To do
The answer must reproduce all of the data below exactly and contain no images.

Given data

────────────────────

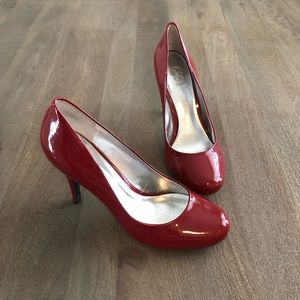 Jessica Simpson pumps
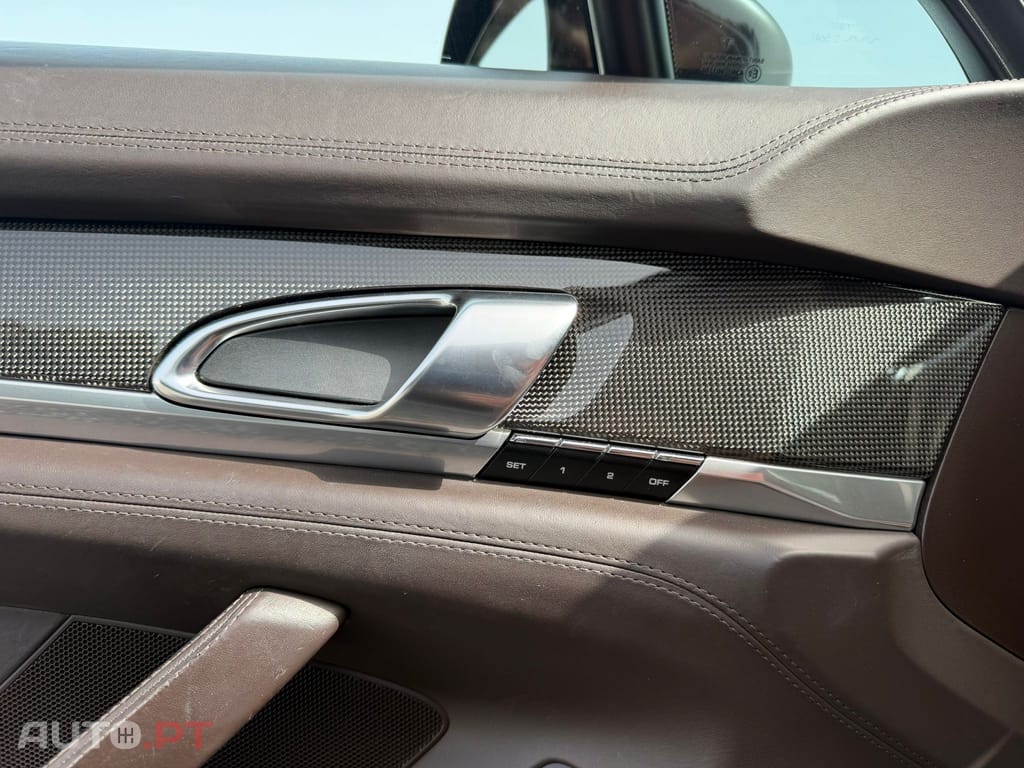Porsche Panamera Turbo PDK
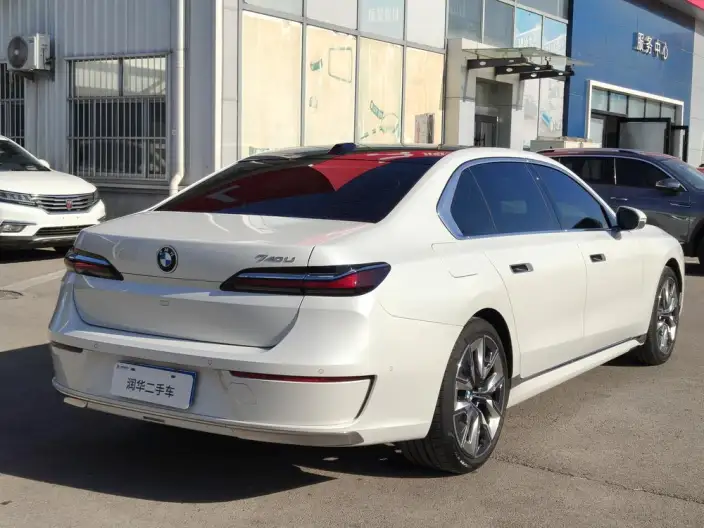 BMW 7 Series 2023 Model 740Li Leading Model Luxury Set – фото 4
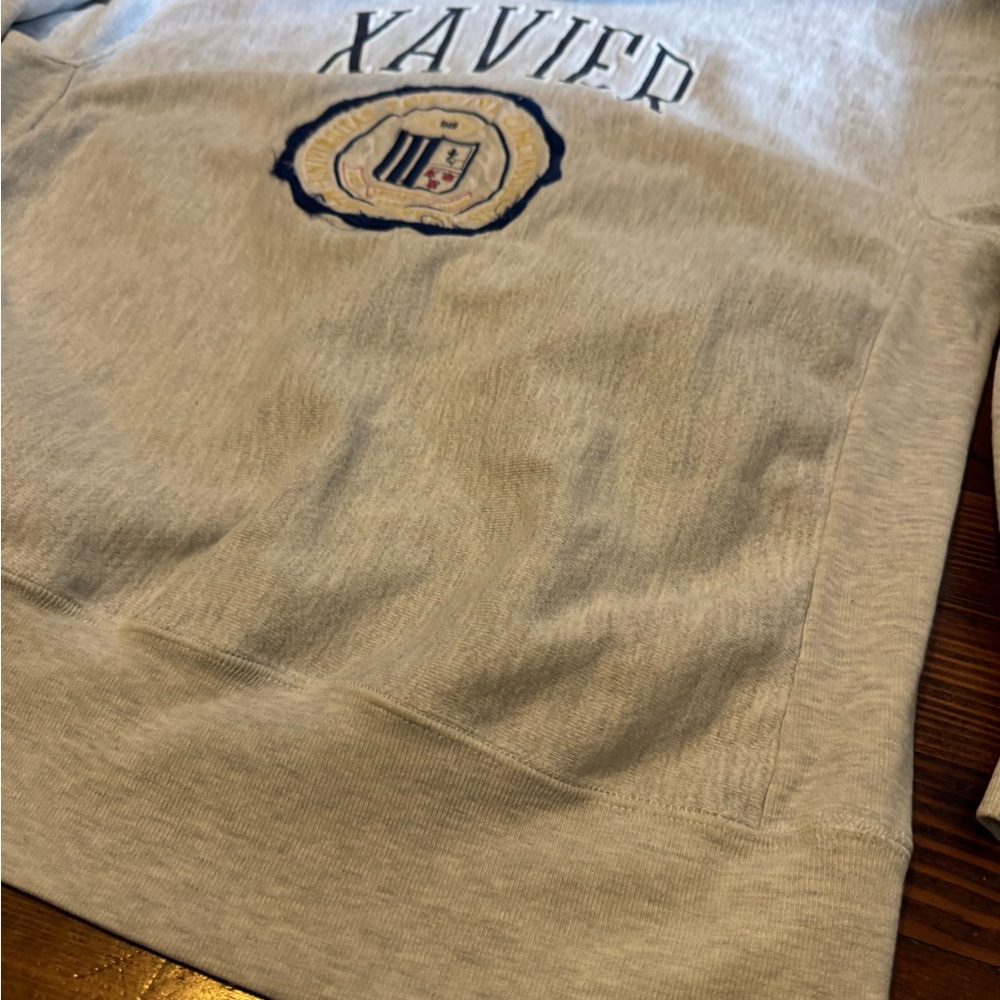 #575 VERY VINTAGE 1980s XAVIER MUSKETEERS Gray Crewneck Sweater. - Picture 12 of 16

────────────────────

Completed exercise
 Jessica Simpson pumps
Porsche Panamera Turbo PDK
 BMW 7 Series 2023 Model 740Li Leading Model Luxury Set – фото 4
 #575 VERY VINTAGE 1980s XAVIER MUSKETEERS Gray Crewneck Sweater. - Picture 12 of 16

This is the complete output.